To follow infrastructure-as-code, it is encouraged to source control the above env.local file and any override needed to customized this Birdhouse deployment for your organization. Note this env.local file might contains sensitive infos like passwords so it should be in a limited access private source control repo, ideally not on the internet.

For an example of possible override, see how the emu service configuration (details: ./optional-components/emu) can be optionally added to the deployment via the override mechanism. Ouranos specific override can be found in this birdhouse-deploy-ouranos repository.

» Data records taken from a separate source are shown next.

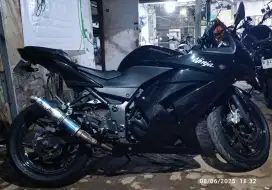 Body fairing set Ninja hitam
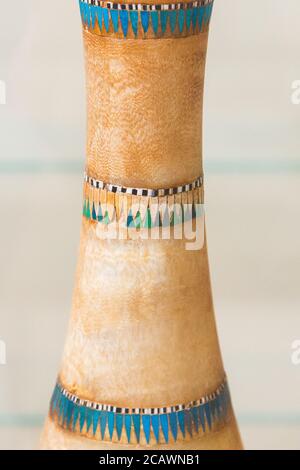Egitto, Cairo, Tutankhamon alabastro, dalla sua tomba a Luxor: Dettaglio di un vaso dal collo lungo, con ornamento di ghirlande. Foto Stock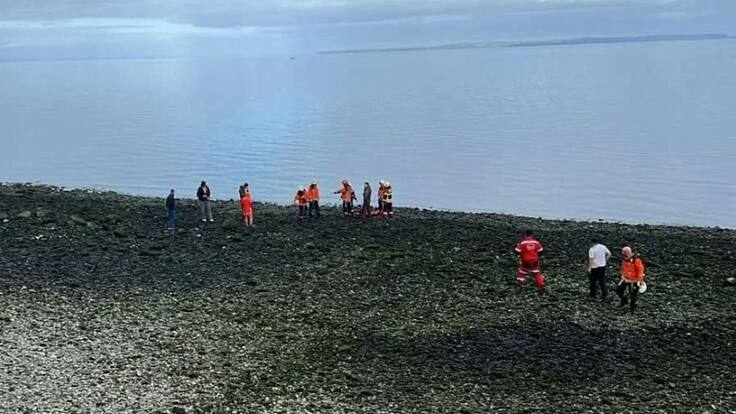 Encuentran cuerpo flotando sin vida en el mar de Puerto Montt: se trataría de un hombre de 53 años en situación de calle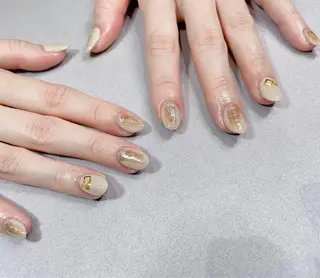 ネイル iiloo aromaworksのネイルデザイン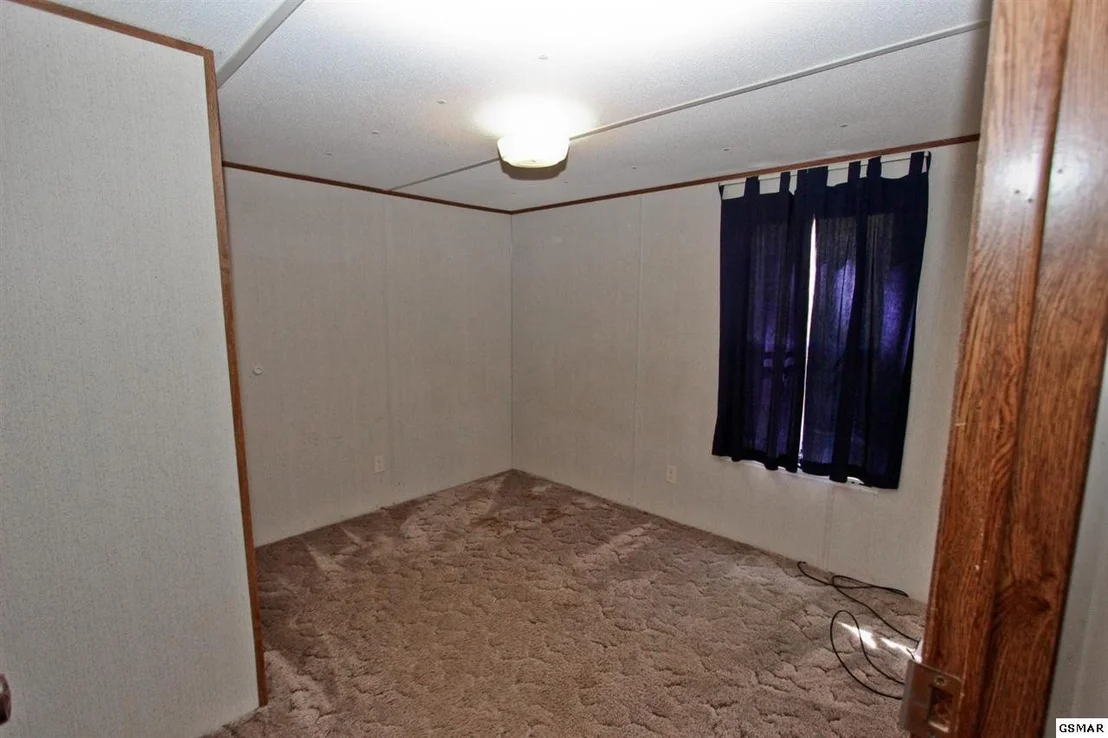 Photo of 2464 Fowler Road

Suggested deployment layout:

├── birdhouse-deploy/  # this repo
│   ├── bin/
│   │   ├── birdhouse
│   ├── birdhouse/
│   │   ├── env.local  # relative symlink to env.local.real below
│   │   ├── (...)
├── private-config/    # your private config and override: sibling level of this repo
│   ├── docker-compose-extra.yml
│   ├── env.local.real
│   ├── .git/

The automatic deployment is able to handle multiple repos, so will trigger if this repo or your private-personalized-config repo changes, giving you automated continuous deployment. See the continuous deployment setup section below and the variable BIRDHOUSE_AUTODEPLOY_EXTRA_REPOS in env.local.example.

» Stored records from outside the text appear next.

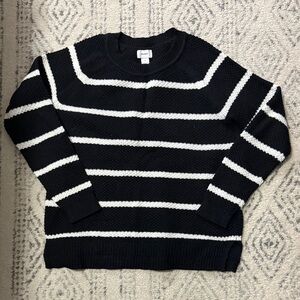 Old Navy // Black and White striped Knit Sweater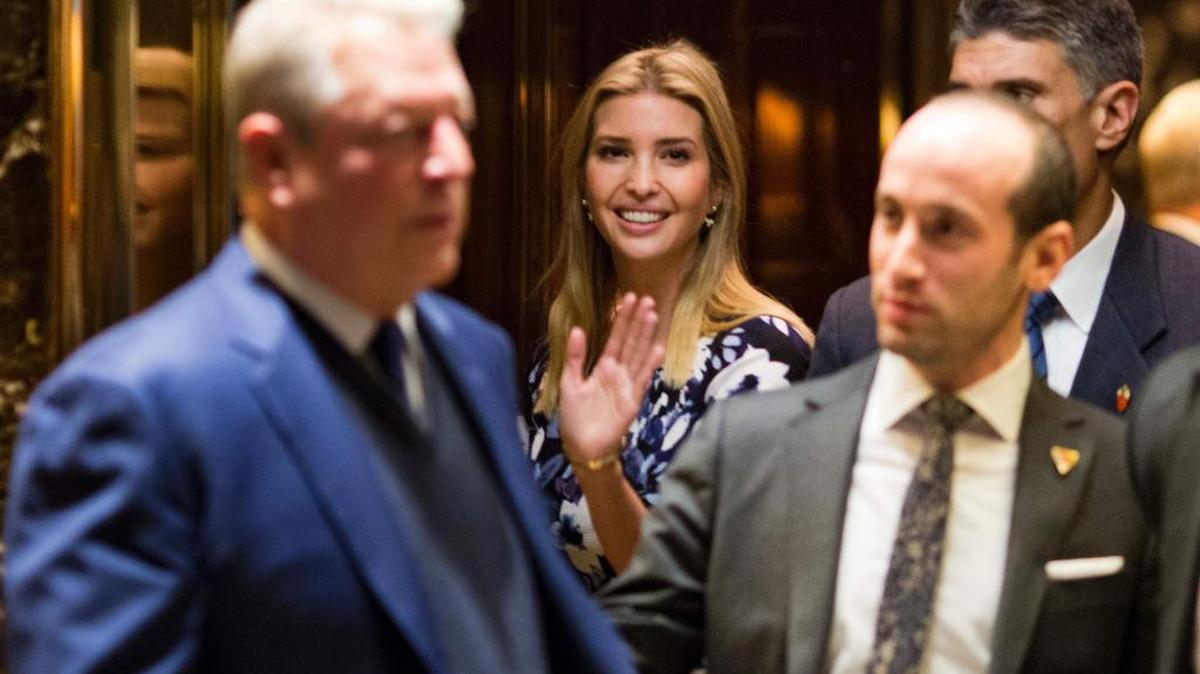Images Ivanka Trump saluda desde el ascensor mientras el ex vicepresidente de EEUU. Al Gore parte tras reuniones en Trump Tower en la ciudad de Nueva York el 5 de diciembre de 2016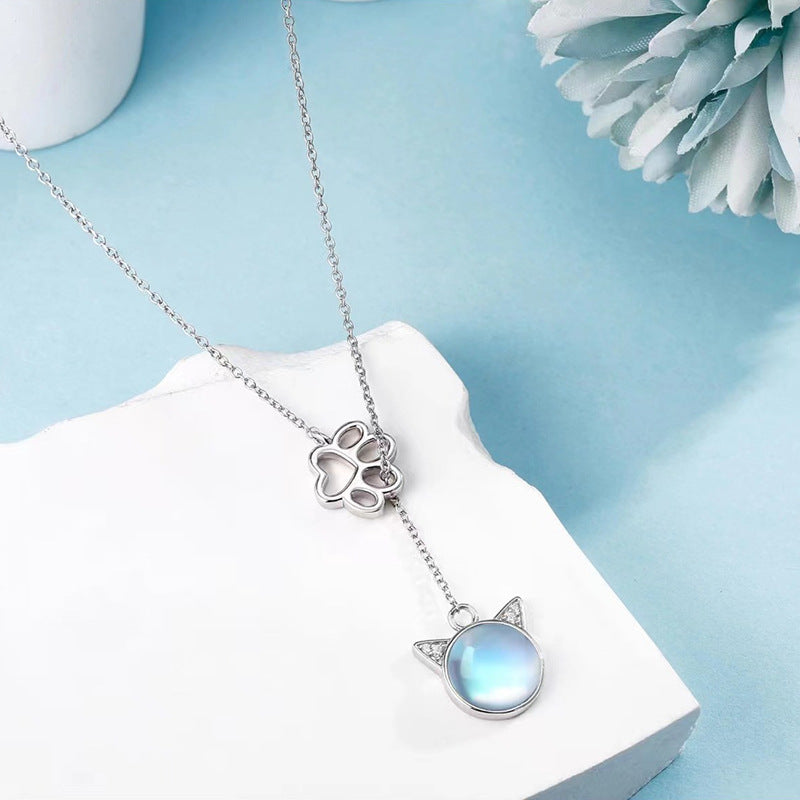 Collar orejas de gato con piedra lunar en plata 925, ternura y energía intuitiva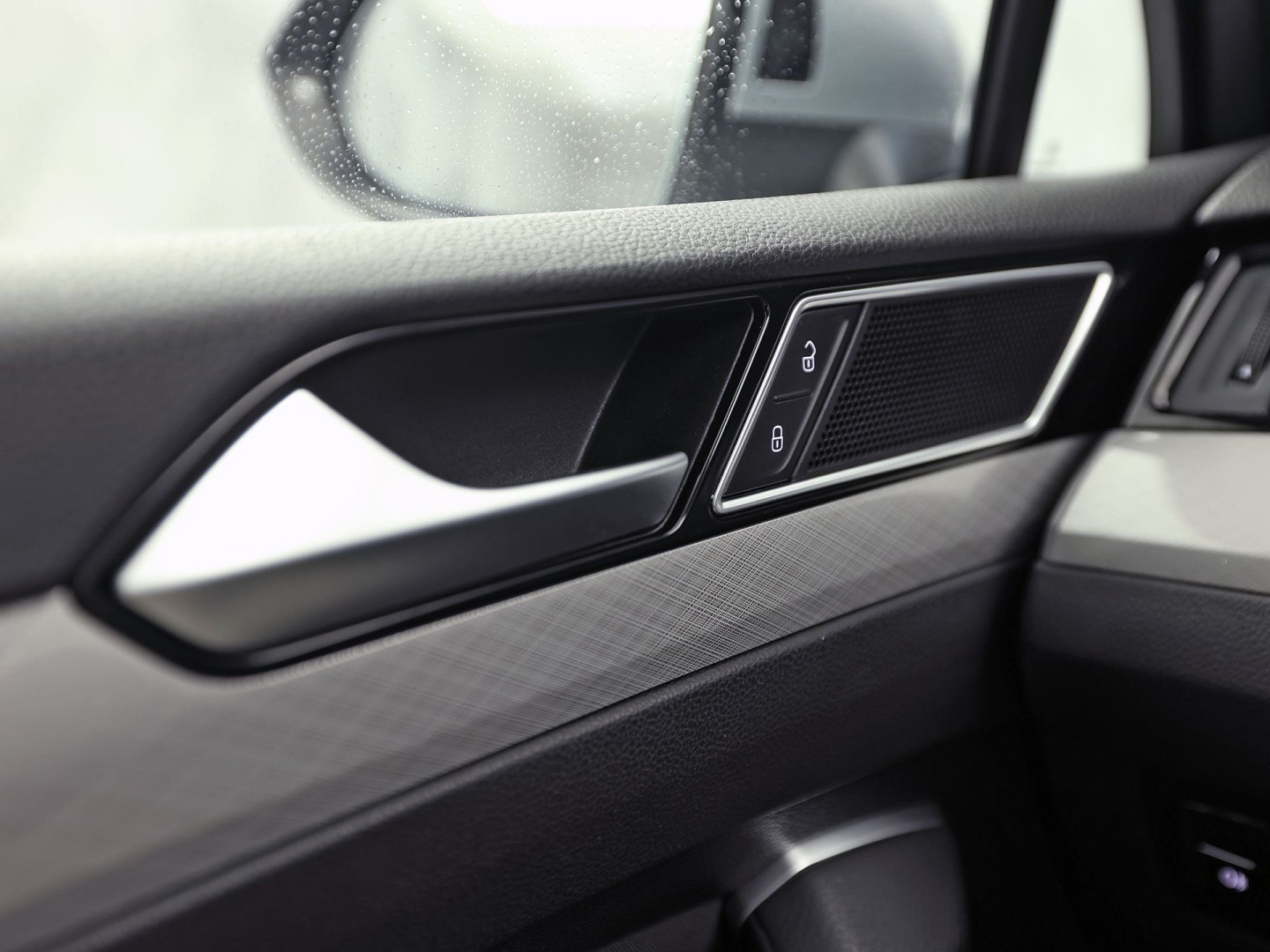 Volkswagen Passat Variant 1.4 TSI PHEV GTE 218Pk Automaat (APPLE CARPLAY, SOH 88,9%, GROOT NAVI, CAMERA, TREKHAAK, KEYLESS, SPORTSTOELEN, STOELVERWARMING, GETINT GLAS, NIEUWSTAAT)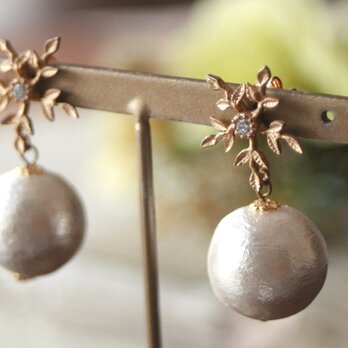 【1点もの】スノーフレークコットンパールピアス　白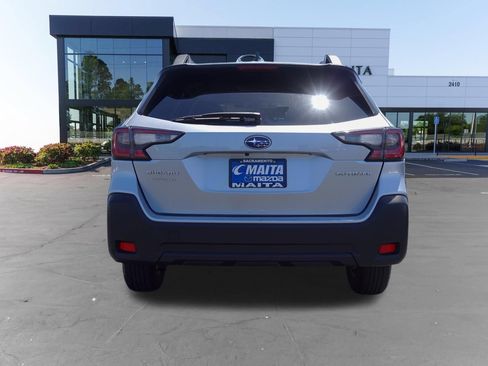 Used 2025 Subaru Outback Premium AWD/4WD image 4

The automatic deployment of the Birdhouse platform, of the Jupyter tutorial notebooks and of the automatic deployment mechanism itself can all be enabled by following the components/scheduler instructions.

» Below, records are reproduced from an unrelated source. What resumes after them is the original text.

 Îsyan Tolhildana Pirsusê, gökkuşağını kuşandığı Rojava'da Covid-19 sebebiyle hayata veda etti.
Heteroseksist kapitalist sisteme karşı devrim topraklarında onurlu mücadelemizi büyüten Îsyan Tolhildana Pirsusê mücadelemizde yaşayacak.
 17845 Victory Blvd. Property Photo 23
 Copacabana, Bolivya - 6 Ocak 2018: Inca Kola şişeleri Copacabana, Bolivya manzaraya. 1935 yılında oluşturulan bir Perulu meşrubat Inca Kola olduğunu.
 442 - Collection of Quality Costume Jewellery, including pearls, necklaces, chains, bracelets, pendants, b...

Resource usage monitoring (CPU, memory, ..) and alerting for the host and each of the containers can be enabled by following the components/monitoring instructions.

To launch all the containers, use the following command:

./bin/birdhouse compose up -d

If you get a 'No applicable error code, please check error log' error from the WPS processes, please make sure that the WPS databases exists in the postgres instance. See birdhouse/scripts/create-wps-pgsql-databases.sh.

Production deployment hardware recommendations

RAM: at least 128 GB, THREDDS 32+ GB, GeoServer 8+ GB, leaving spaces for other components and all the various Jupyter users

CPU: at least 48 cores for parallel computations

Disk: at least 100 TB, depending how much data is hosted on Thredds and Geoserver and storage for the various Jupyter users

In general, the more users, the more cpu cores and memory needed. The more data, more memory and bigger and faster disks needed.

Note about WPS request timeout

  • All WPS requests should be completed within proxy_read_timeout of the Nginx proxy, see components/proxy/nginx.conf. Any WPS requests that will take longer should use the async mode.

    Default value PROXY_READ_TIMEOUT_VALUE in birdhouse/default.env.

    Overrideable in env.local file, as usual for all values in default.env file.

Manual steps post deployment

Create public demo user in Magpie for JupyterHub login

Use scripts/create-magpie-users or follow manual instructions below.

config.yml file if using create-magpie-users:

users:
  - username: < value of JUPYTER_DEMO_USER in ``env.local`` >
    password: < you decide, at least 12 in length >
    email: < anything is fine >
    group: anonymous

Manual instructions:

  • Go to https://<BIRDHOUSE_FQDN>/magpie/ui/login and login with the MAGPIE_ADMIN_USERNAME user. The password should be in env.local.

  • Then go to https://<BIRDHOUSE_FQDN>/magpie/ui/users/add.

  • Fill in:

    • User name: <value of JUPYTER_DEMO_USER in env.local>

    • Email: < anything is fine >

    • Password: < you decide >

    • User group: anonymous

  • Click “Add User”.

Optional: prepare instance to run automated end-to-end test suite

An end-to-end integration test suite is available at https://github.com/Ouranosinc/PAVICS-e2e-workflow-tests with pre-configured Jenkins at https://github.com/Ouranosinc/jenkins-config.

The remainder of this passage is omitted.